Mais le marché n’avait que faire de ses ambitions morales et l’Angleterre
devint le pays du culte de l’argent, du cosmopolitisme de la ville-monde
Londres, des mafias russes et des paradis fiscaux, de l’alcoolisme de masse des
jeunes et des grossesses précoces des adolescentes (…) »[1].

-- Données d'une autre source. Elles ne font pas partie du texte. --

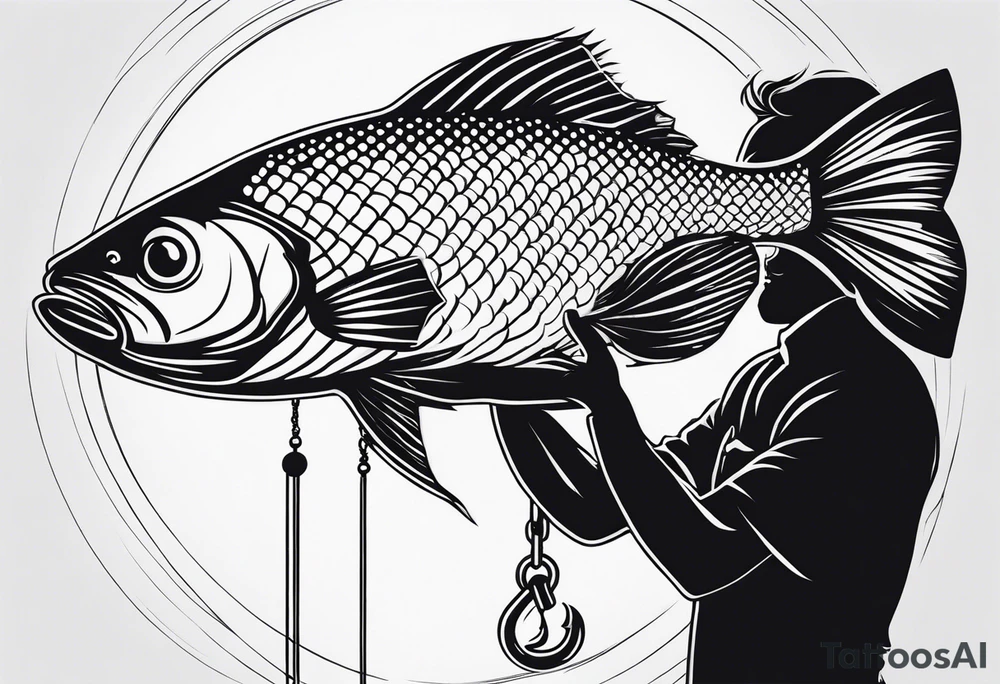 A Fish eating a small silhouette of a man on a hook tattoo idea A Fish eating a small silhouette of a man on a hook tattoo idea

Beau tableau que l’on nous propose de revisiter dans une France que l’on sait
pourtant au bord de l’effondrement moral et social. Est-ce bien le moment de
lui administrer un remède de cheval qui n’a à peu près fonctionné nulle
part ?
En vérité, le libéralisme n’est pas
soluble dans le conservatisme. En revanche, le conservatisme se dissout
volontiers dans la marmite libérale. Les soixante-huitards libertaires
croyaient avoir trouvé un refuge confortable auprès de leurs amis fortunés bien
installés aux postes de commande. Ils ont même cru avoir gagné la bataille des
idées. Or, le vent tourne et comme les affaires sont les affaires, il n’y a
strictement aucune raison pour que les « grands de ce monde »

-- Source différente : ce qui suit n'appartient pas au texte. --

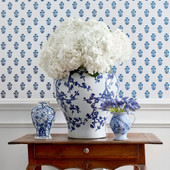 T36400 Corwin Indienne Navy on White Wallpaper by Thibaut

ne changent pas leurs fusils d’épaule : après tout, qu’est-ce qu’ils en
ont à fiche des réformes sociétales soi-disant émancipatrices ? Assouplir
le marché du travail, baisser les charges des entreprises, relancer les grands
traités commerciaux sous l’égide de la bureaucratie bruxelloise, désétatiser la
sécurité sociale, tout cela peut bien se faire sous le couvert d’un discours
moraliste de retour aux valeurs. On notera à cet égard que pas une mesure
prodiguée par Fillon dans ce qu’il appelle le blitzkrieg des trois premiers mois ne renvoie aux valeurs conservatrices
si chèrement défendues par ailleurs. Ainsi, les libéraux-libertaires peuvent-ils
bien laisser la place aux libéraux-conservateurs (les « libcons ») sans que le programme
économique ne change d’un iota.
Et pourtant, il faut rappeler que le
véritable conservatisme ne se réduit pas à ce robinet d’eau tiède ouvert par
les tenants d’un libéralisme bon teint. Au contraire, il est toujours radical,
antilibéral et disons-le révolutionnaire ! Radical parce qu’il ne peut pas
se résumer à quelques slogans politiques qui fleurent bon la tradition ;
il se doit d’être mis en œuvre dans des formes de vie qui atteste de sa
survivance. Ainsi, les plus hautes valeurs dont il se réclame – l’honneur, la
dignité, la transmission, l’humilité, la hiérarchie, etc. – n’ont de sens que
si elles sont reprises puis expérimentées par chaque génération. Autrement dit,
la tradition doit toujours être réactualisée voire réinventée en fonction des
conditions sociales de l’époque. Antilibéral, le conservatisme l’est évidemment
puisqu’il n’a pas d’autres choix que de remettre en cause l’idéologie du marché
qui a sapé, une à une, de façon méthodique, toutes les valeurs fondamentales
pour faire de l’homme un être égoïste, calculateur, cupide, auto-référencé,
désirant, nihiliste, etc. Roger Scruton parle à ce sujet d’« un
matérialisme athée, parfumé d’absurdités marxistes » qui a introduit un « manque
fondamental d’humilité dans les âmes de la nouvelle génération »[2]. Enfin,
le conservatisme est devenu littéralement révolutionnaire puisqu’il ne pourra
effectivement renaître qu’au prix d’un renversement complet des modalités actuelles
de l’existence. A défaut, il continuera à donner un surplus d’âme à un système
qui en est totalement dépourvu et à attirer à lui, paradoxalement, les gogos
qui ne voient pas plus loin que le bout de leurs nez.